Brief descriptive captions
******************************

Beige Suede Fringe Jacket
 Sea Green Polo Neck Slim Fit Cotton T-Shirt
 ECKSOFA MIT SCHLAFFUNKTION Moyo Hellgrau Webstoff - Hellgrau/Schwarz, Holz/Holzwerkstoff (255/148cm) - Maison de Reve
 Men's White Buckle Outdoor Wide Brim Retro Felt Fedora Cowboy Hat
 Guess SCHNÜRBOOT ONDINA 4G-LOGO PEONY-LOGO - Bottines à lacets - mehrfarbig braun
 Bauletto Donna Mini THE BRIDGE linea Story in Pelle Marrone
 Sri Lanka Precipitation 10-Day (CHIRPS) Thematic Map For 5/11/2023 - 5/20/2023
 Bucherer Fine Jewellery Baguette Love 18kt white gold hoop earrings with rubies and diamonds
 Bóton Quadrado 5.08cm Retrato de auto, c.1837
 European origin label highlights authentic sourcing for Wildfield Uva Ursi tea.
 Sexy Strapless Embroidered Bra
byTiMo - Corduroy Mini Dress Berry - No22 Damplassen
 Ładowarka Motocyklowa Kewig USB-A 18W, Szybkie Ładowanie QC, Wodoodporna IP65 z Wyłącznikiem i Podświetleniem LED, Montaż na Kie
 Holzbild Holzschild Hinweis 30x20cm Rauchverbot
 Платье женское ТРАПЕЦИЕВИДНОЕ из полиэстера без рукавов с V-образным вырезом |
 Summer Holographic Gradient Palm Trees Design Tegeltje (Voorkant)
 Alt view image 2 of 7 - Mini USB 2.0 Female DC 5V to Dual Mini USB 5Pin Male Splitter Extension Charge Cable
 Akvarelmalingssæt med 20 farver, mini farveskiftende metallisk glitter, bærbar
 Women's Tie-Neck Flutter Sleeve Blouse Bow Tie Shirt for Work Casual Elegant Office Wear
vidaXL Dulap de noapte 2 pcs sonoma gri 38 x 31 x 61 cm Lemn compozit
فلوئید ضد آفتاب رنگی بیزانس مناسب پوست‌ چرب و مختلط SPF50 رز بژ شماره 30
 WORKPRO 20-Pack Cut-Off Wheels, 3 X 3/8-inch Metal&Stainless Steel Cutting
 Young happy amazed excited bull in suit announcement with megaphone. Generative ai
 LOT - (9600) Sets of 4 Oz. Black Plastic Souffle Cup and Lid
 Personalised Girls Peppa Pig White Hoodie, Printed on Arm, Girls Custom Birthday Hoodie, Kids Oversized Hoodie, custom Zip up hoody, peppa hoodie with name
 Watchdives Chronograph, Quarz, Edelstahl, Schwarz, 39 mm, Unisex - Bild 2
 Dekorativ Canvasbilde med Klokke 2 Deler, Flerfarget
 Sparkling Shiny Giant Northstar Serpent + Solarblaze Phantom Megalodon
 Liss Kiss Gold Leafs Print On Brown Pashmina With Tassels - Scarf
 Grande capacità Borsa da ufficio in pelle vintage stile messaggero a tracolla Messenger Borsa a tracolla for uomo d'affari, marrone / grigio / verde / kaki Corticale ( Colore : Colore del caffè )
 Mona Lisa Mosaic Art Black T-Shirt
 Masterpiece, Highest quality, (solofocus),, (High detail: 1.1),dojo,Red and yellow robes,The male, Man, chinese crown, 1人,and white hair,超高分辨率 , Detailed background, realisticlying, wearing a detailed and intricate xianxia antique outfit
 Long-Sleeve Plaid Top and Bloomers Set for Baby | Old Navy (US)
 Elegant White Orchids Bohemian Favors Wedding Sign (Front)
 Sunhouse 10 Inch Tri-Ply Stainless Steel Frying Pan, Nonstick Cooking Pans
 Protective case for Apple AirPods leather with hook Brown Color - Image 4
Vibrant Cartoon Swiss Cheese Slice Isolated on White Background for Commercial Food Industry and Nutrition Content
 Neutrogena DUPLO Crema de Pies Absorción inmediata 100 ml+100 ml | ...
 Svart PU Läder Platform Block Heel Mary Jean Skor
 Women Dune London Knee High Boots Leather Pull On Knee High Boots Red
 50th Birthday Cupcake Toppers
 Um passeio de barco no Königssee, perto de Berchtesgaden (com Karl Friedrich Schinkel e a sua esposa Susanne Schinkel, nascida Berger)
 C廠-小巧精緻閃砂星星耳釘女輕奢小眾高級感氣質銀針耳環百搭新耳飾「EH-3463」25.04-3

******************************

* **Your objective**
The records above are to be transcribed exactly and completely.

* **Solved problem**
Beige Suede Fringe Jacket
 Sea Green Polo Neck Slim Fit Cotton T-Shirt
 ECKSOFA MIT SCHLAFFUNKTION Moyo Hellgrau Webstoff - Hellgrau/Schwarz, Holz/Holzwerkstoff (255/148cm) - Maison de Reve
 Men's White Buckle Outdoor Wide Brim Retro Felt Fedora Cowboy Hat
 Guess SCHNÜRBOOT ONDINA 4G-LOGO PEONY-LOGO - Bottines à lacets - mehrfarbig braun
 Bauletto Donna Mini THE BRIDGE linea Story in Pelle Marrone
 Sri Lanka Precipitation 10-Day (CHIRPS) Thematic Map For 5/11/2023 - 5/20/2023
 Bucherer Fine Jewellery Baguette Love 18kt white gold hoop earrings with rubies and diamonds
 Bóton Quadrado 5.08cm Retrato de auto, c.1837
 European origin label highlights authentic sourcing for Wildfield Uva Ursi tea.
 Sexy Strapless Embroidered Bra
byTiMo - Corduroy Mini Dress Berry - No22 Damplassen
 Ładowarka Motocyklowa Kewig USB-A 18W, Szybkie Ładowanie QC, Wodoodporna IP65 z Wyłącznikiem i Podświetleniem LED, Montaż na Kie
 Holzbild Holzschild Hinweis 30x20cm Rauchverbot
 Платье женское ТРАПЕЦИЕВИДНОЕ из полиэстера без рукавов с V-образным вырезом |
 Summer Holographic Gradient Palm Trees Design Tegeltje (Voorkant)
 Alt view image 2 of 7 - Mini USB 2.0 Female DC 5V to Dual Mini USB 5Pin Male Splitter Extension Charge Cable
 Akvarelmalingssæt med 20 farver, mini farveskiftende metallisk glitter, bærbar
 Women's Tie-Neck Flutter Sleeve Blouse Bow Tie Shirt for Work Casual Elegant Office Wear
vidaXL Dulap de noapte 2 pcs sonoma gri 38 x 31 x 61 cm Lemn compozit
فلوئید ضد آفتاب رنگی بیزانس مناسب پوست‌ چرب و مختلط SPF50 رز بژ شماره 30
 WORKPRO 20-Pack Cut-Off Wheels, 3 X 3/8-inch Metal&Stainless Steel Cutting
 Young happy amazed excited bull in suit announcement with megaphone. Generative ai
 LOT - (9600) Sets of 4 Oz. Black Plastic Souffle Cup and Lid
 Personalised Girls Peppa Pig White Hoodie, Printed on Arm, Girls Custom Birthday Hoodie, Kids Oversized Hoodie, custom Zip up hoody, peppa hoodie with name
 Watchdives Chronograph, Quarz, Edelstahl, Schwarz, 39 mm, Unisex - Bild 2
 Dekorativ Canvasbilde med Klokke 2 Deler, Flerfarget
 Sparkling Shiny Giant Northstar Serpent + Solarblaze Phantom Megalodon
 Liss Kiss Gold Leafs Print On Brown Pashmina With Tassels - Scarf
 Grande capacità Borsa da ufficio in pelle vintage stile messaggero a tracolla Messenger Borsa a tracolla for uomo d'affari, marrone / grigio / verde / kaki Corticale ( Colore : Colore del caffè )
 Mona Lisa Mosaic Art Black T-Shirt
 Masterpiece, Highest quality, (solofocus),, (High detail: 1.1),dojo,Red and yellow robes,The male, Man, chinese crown, 1人,and white hair,超高分辨率 , Detailed background, realisticlying, wearing a detailed and intricate xianxia antique outfit
 Long-Sleeve Plaid Top and Bloomers Set for Baby | Old Navy (US)
 Elegant White Orchids Bohemian Favors Wedding Sign (Front)
 Sunhouse 10 Inch Tri-Ply Stainless Steel Frying Pan, Nonstick Cooking Pans
 Protective case for Apple AirPods leather with hook Brown Color - Image 4
Vibrant Cartoon Swiss Cheese Slice Isolated on White Background for Commercial Food Industry and Nutrition Content
 Neutrogena DUPLO Crema de Pies Absorción inmediata 100 ml+100 ml | ...
 Svart PU Läder Platform Block Heel Mary Jean Skor
 Women Dune London Knee High Boots Leather Pull On Knee High Boots Red
 50th Birthday Cupcake Toppers
 Um passeio de barco no Königssee, perto de Berchtesgaden (com Karl Friedrich Schinkel e a sua esposa Susanne Schinkel, nascida Berger)
 C廠-小巧精緻閃砂星星耳釘女輕奢小眾高級感氣質銀針耳環百搭新耳飾「EH-3463」25.04-3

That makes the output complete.